Thanks for that it is interesting. Getting around it, doesn’t change the fact that it is wrong though. And if the publisher doesn’t even realise people are getting around it they’re not even getting a message that might make them change their approach. Ah, the dilemma – send a message or read the magazine…?
You’re missing the point. The cost of magazines is largely paid for by advertising revenue, not the revenue from readers purchasing the magazine. That is why magazines are so cheap is America – because advertisers pay a lot to access an enormous market. Australia is a tiny, remote, market and so the contribution your subscription makes to New Scientist’s revenue is far less than a US subscriber and less than a UK subscriber.
The pricing is fair. You might not like it, but it’s rational.
Chris,
In many cases what you say would be true. However the New Scientist is not your average magazine and its revenues are largely subscription driven.
Also, although this is an aside, it has one of the more international advertising markets available thanks to the combination of high-income and scientists it attracts both of which groups cross many boundaries which limit the advertising market for, say, a gossip magazine.
Not sure what New Scientist you read, but with all the jobs ads it has a higher ad content than most other content driven magazines and more in line with other trade magazines. It has around 35 editorial/content staff and about 30 staff selling advertising which indicates how important ads are.
As for your aside, it’s a nice theory, but the print editions are different for UK, US and Australia indicating that their market is not international.
Anyway, my point was that you said:”I’m at a loss to see a justification for a differential in the online pricing.” and my answer is that is because you ignored advertising and that the decision is not necessarily the ‘discrimination’ you assume it is.
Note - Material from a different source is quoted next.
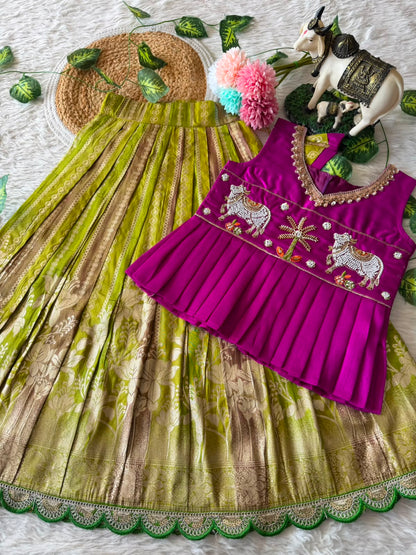 Kids Pattu Pavadai Sattai with Pichwai Work and Tissue Strip Skirt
A few years ago I spent some time with the New Scientist publishers and their business model. At least as things stood ten years ago subscriptions were their bread and butter – which is largely why Reed Elsevier loved them so. I’m sure the advertising revenue is not to be sneezed at but it certainly wasn’t their driver historically.
A quick look at the Reed Elsevier site doesn’t shed much light on the current situation, although interestingly they cite the New Scientist audience in terms of a “weekly worldwide audience”.
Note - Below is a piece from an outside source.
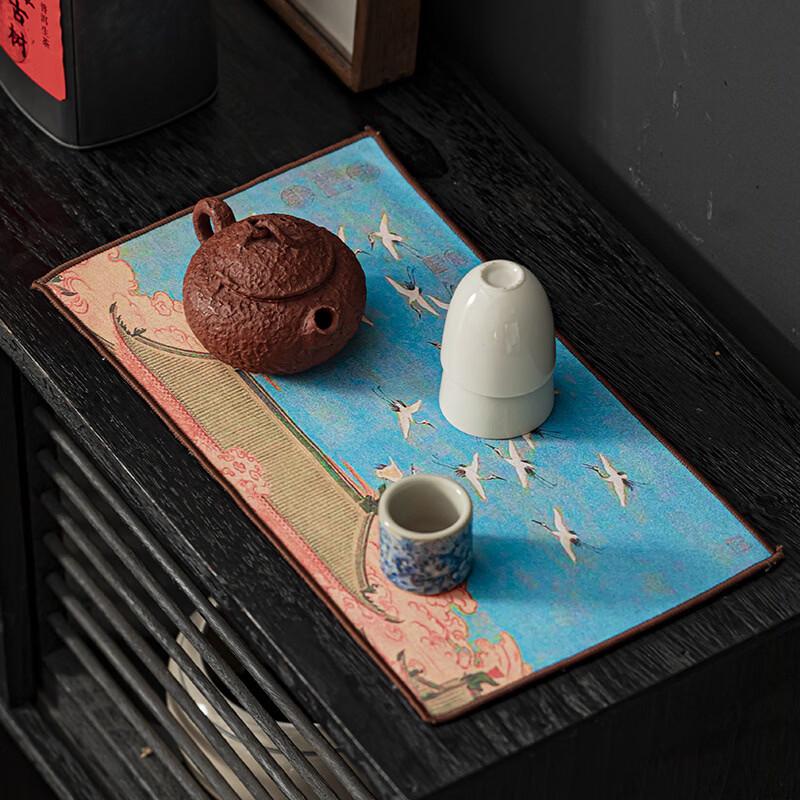 Chinese Style Absorbent Tea Towel and Mat (2-Pack)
By the way, I do agree about Zinio. They do the same to me and send promotions which just waste time because they aren’t actually available outside the US. They even break the law in the UK by advertising prices excluding VAT and then add VAT (GST to you) at checkout. They are also typically pretty expensive compare with other providers (at least in the UK)
By the way, Andy’s trick assumes that you have a credit card (any one) registered to a US address. I do have so one of the few magazines I still read on Zinio is New Scientist because you can’t beat the $72 US price. However if you don’t then I doubt that just typing a US address in and trying to pay with a Aus registered credit card would work.
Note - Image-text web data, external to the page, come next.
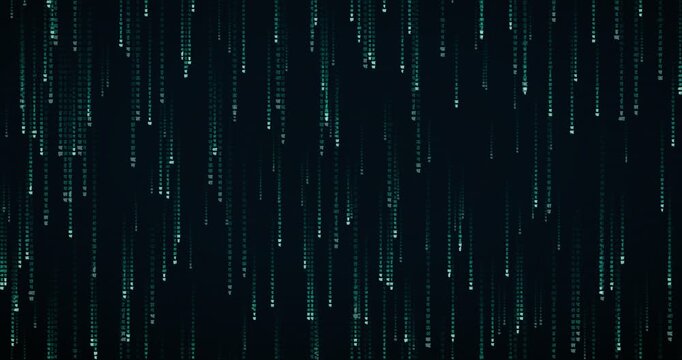 Devanagari characters cascade down in a teal circuit animation, creating a futuristic code rain effect.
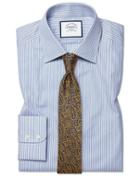  Classic Fit Poplin Fine Stripe Blue Cotton Dress Shirt Single Cuff Size 15.5/33 By Charles Tyrwhitt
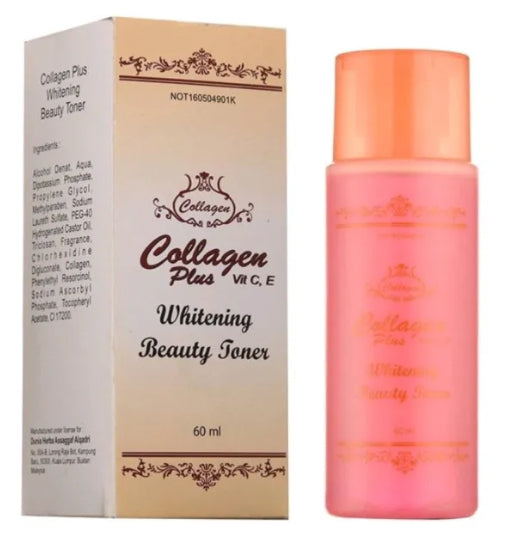 Collagen Plus Skincare Set whitening beauty toner with box and bottle shown clearly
Actually Chris, I used my Australian credit card to get that Zinio sub.
They require a US postal address true, but they don’t seem to check where the card itself was issued. This was the case as of May 2012, I don’t know if that has since changed – I guess I’ll find out when it’s time to renew.
Andy – Just to clarify. You mean that there was no link between the card and the address you entered ? I know the country of issuance of the card doesn’t matter but I always assumed that the card was validated against the address of the subscription..
Thats right. I tried making up a nonsense US address first, which it rejected. Then I went to google maps, and picked a random, genuine street address in Portland, Oregon (as Oregon doesnt have a sales tax). That was accepted and my transaction went through.